Identity elements, monoids

Suppose \({ ( A , f ) }\) is a semigroup, i.e. that \({ f }\) is an associative binary operation on the set \({ A }\). A member \({ i }\) of \({ A }\) is said to be an identity element if for all \({ x ∈ A }\) we have \[ f ( i , x ) = x \] and \[ f ( x , i ) = x . \] Going back to our earlier examples of associative operations we can see that all but one of them have identity elements.

For the ones which do have an identity element it’s straightforward in each case to see that the given element is indeed an identity. For the minimum the non-existence of an identity is the statement that there is no natural number \({ i }\) such that \[ \min ( i , x ) = x \] and \[ \min ( x , i ) = x \] for all \({ x }\), which is clear because the equations above would fail for \({ x = i + 1 }\).

I’ve referred to an identity rather than the identity above to allow for the possibility that there might be more than one, but in fact this can’t happen. Suppose \({ i }\) and \({ j }\) are identity elements. Then \[ f ( i , j ) = j \] because \({ i }\) is an identity and \[ f ( i , j ) = i \] because \({ j }\) is an identity so \[ i = j . \]

A semigroup with an identity element is called a monoid, so all the semigroups listed above, except for the minimum operation on the natural numbers, are monoids.

A subsemigroup of a monoid which contains the identity element is also a monoid, with the operation being the restriction of the original operation and the identity being the identity from the larger monoid. The subsemigroup is then called a submonoid. The set of even natural numbers, considered earlier as a subsemigroup of the natural numbers, is a submonoid. Not all subsemigroups of a monoid are submonoids though.
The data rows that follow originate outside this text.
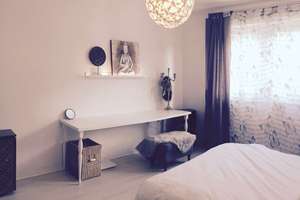 SANIERTE 2 ZIMMER KÜCHE BAD BALKON NÄHE ENTENFANG – Die vollständige Adresse der Immobilie erhältst du vom Anbieter., 76185 Mühlburg, Karlsruhe – Vorschaubild 22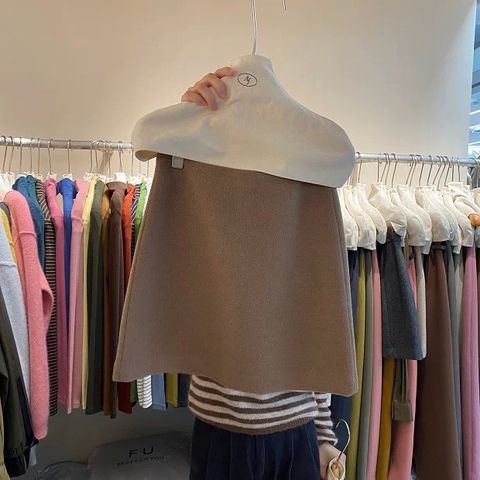 image_13F33566-4847-415C-BE60-454CCDCC5ECC_1760351052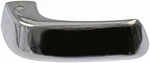 Interior Door Handle Dorman 91127. Fixed Price $47.56.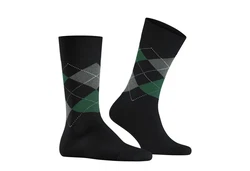 Burlington Socken King 21090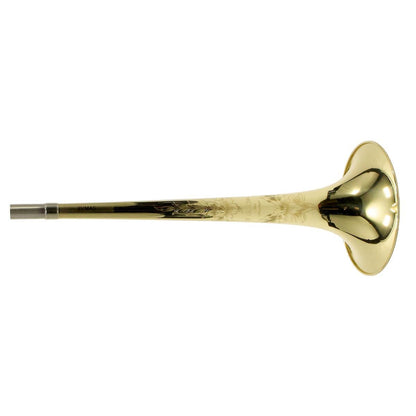 S.E. Shires 2YMA5 Tenor Trombone Bell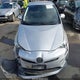 JTDKBRFU9G3018751 2016 Toyota Prius Two auction photo thumbnail 12
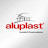 aluplast Ukraine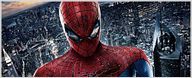 Andrew Garfield et Marc Webb confirmés pour "The Amazing Spider-Man 2"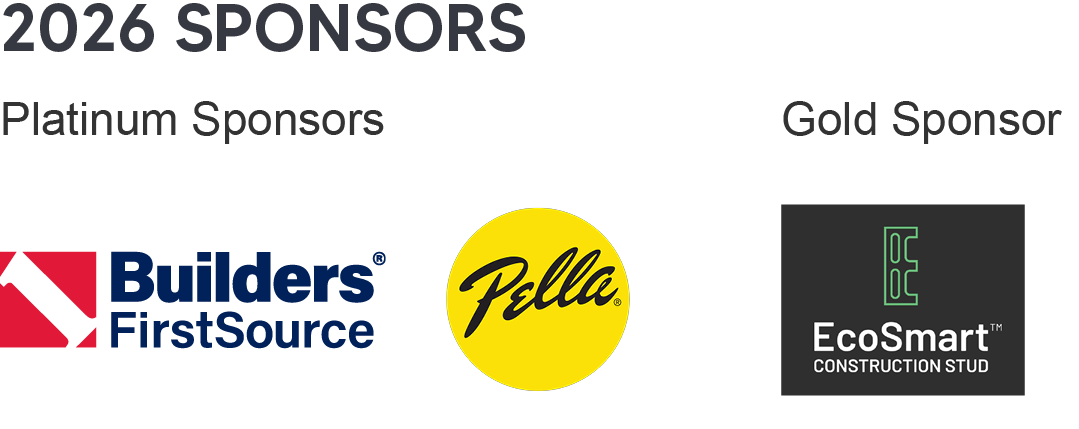 2026 Minnesota Green Path Sponsors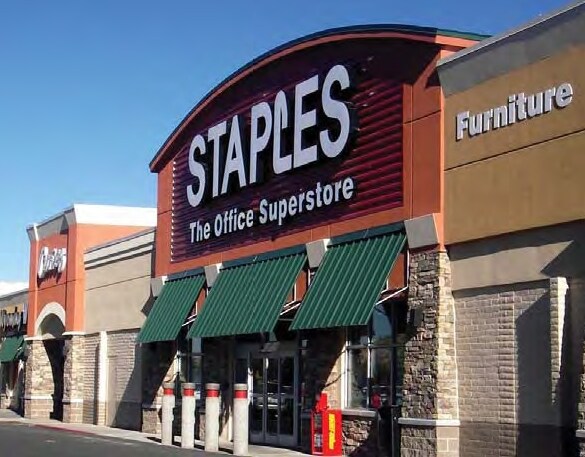 1323 Dewar Dr, Rock Springs, WY à louer - Photo principale - Image 3 de 9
Another example of a monoid is what’s called the bicyclic semigroup. The set in this case is the set \({ N ^ 2 }\) of ordered pairs of natural numbers and the binary operation is \[ f ( ( a , b ) , ( c , d ) ) = ( a + c - \min ( b , c ) , b + d - \min ( b , c ) ) . \] I will skip the straightforward but tedious verification that this operation is associative and therefore that this is a semigroup. It is not commutative since \[ f ( ( 0 , 1 ) , ( 1 , 0 ) ) = ( 0 , 0 ) \] while \[ f ( ( 1 , 0 ) , ( 0 , 1 ) ) = ( 1 , 1 ) . \] We have \[ f ( ( 0 , 0 ) , ( x , y ) ) = ( x , y ) \] and \[ f ( ( x , y ) , ( 0 , 0 ) ) = ( x , y ) \] for all \({ ( x , y ) }\) so \({ ( 0 , 0 ) }\) is an identity element. This is therefore not just a semigroup but a monoid. It would make more sense therefore to refer to it as the bicyclic monoid, but for historical reasons it is referred to as the bicyclic semigroup. That name isn’t wrong, since it is a semigroup, but it’s imprecise.